Halfway through the game, however, when you escape extermination by Glados’ hand, you also escape the testing rooms. The game opens up as you try and escape the rest of the facility, and becomes a lot more messy and detailed, showing exposed pipes and stations where employees once worked. The lighting and colour turn rusty orange that show danger, but also allow for deep shadows to hide in, and your movements, while still linear level design, feel less restrictive as you are now defying what Glados wants you do to.

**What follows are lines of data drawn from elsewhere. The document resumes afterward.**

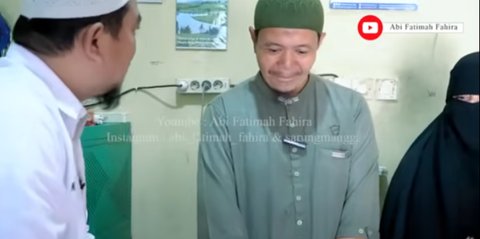 Sering Bolos Masuk Kerja, Pria Ini Rela Urus Sang Ibu yang Sedang Sakit 'Karena Surga Ada di Telapak Kaki Ibu'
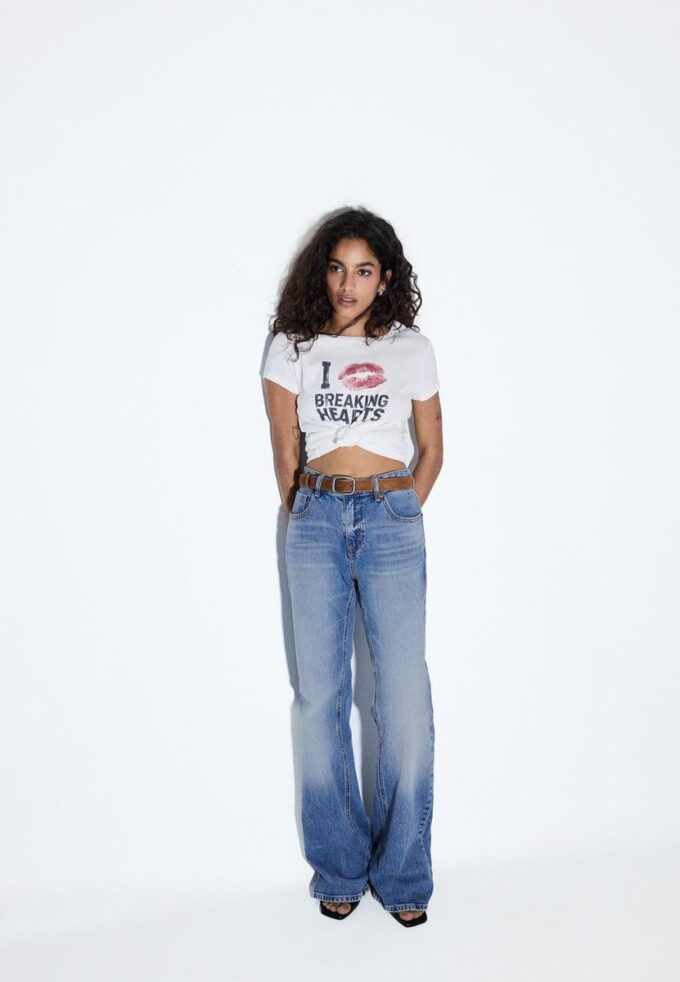 D68 Boot-Cut-Jeans mit Gürtel D68 Boot-Cut-Jeans mit Gürtel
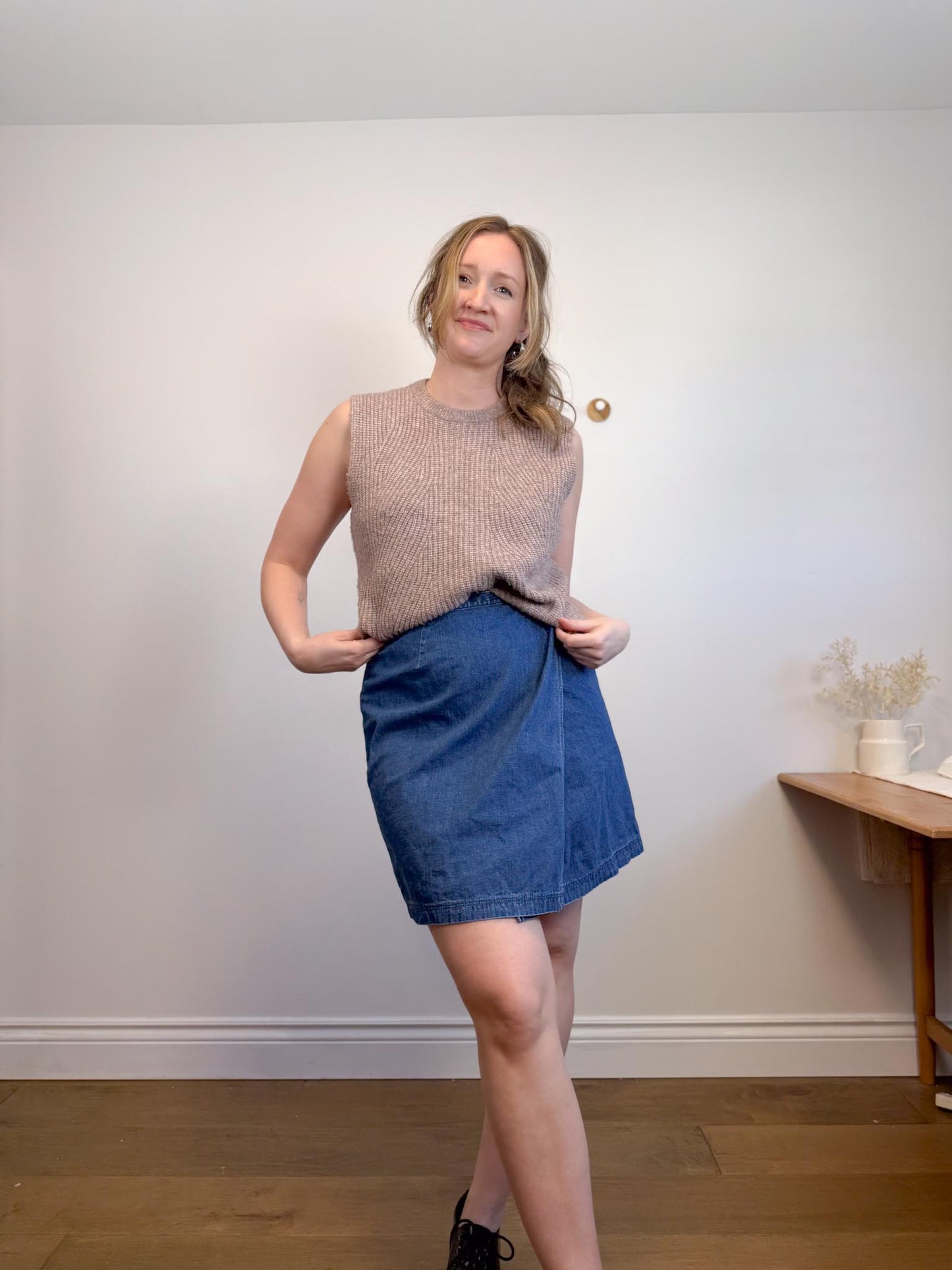 Reitman’s Sweater Vest in Dusty Violet (Size M)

At the very end of the game, when you finally escape the facility, the game opens up to reveal the outside world, complete with natural lighting and a final, wide open space. This is designed for a sense of relief and triumph in the player.
Reflection:
This week was all about worldbuilding, as before anything else you must have a world to build from. It especially helped me to understand how worldbuildings and mechanics intersect, as well as why worldbuilding is important from a marketing perspective. Finally, the level design aspect further inspired me – I wanted to make something where the world itself helped the player to learn through playing. I realised I’m tired of long-winded tutorials! This is not the kind of game I strive to make. Starting a game should be as satisfying as finishing one.